*Exercise objective*: As the answer, give exactly the lines of the records below from the one with "Achille Mbembe" through the one with "iMac A1207 DVR-K06PC", ends included and pictures left out.

##### Data section

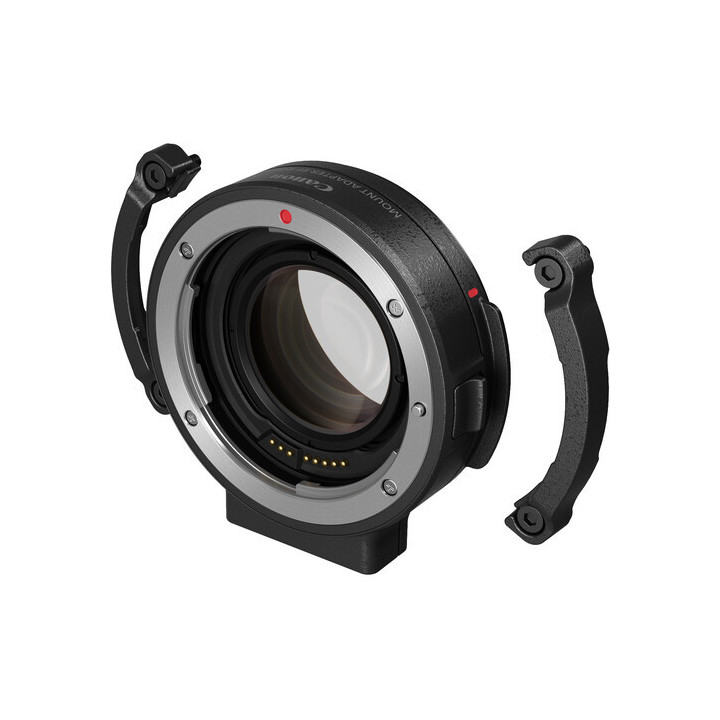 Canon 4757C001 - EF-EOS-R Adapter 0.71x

##########
##### Data section

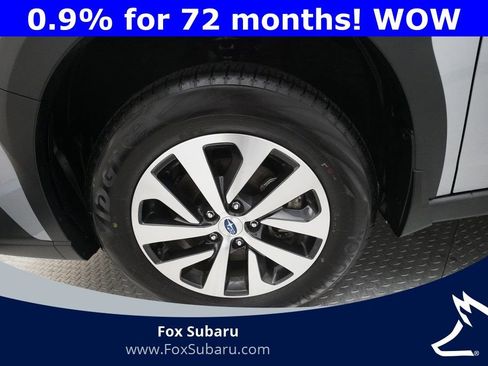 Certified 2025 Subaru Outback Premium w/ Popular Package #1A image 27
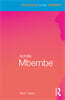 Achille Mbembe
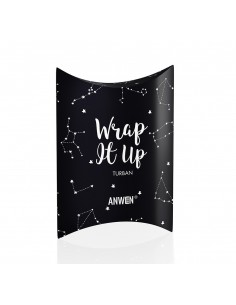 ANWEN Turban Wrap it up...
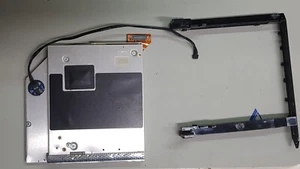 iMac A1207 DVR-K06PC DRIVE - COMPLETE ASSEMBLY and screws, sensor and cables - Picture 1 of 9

##########

*Your solution*:
 Achille Mbembe
 ANWEN Turban Wrap it up...
 iMac A1207 DVR-K06PC DRIVE - COMPLETE ASSEMBLY and screws, sensor and cables - Picture 1 of 9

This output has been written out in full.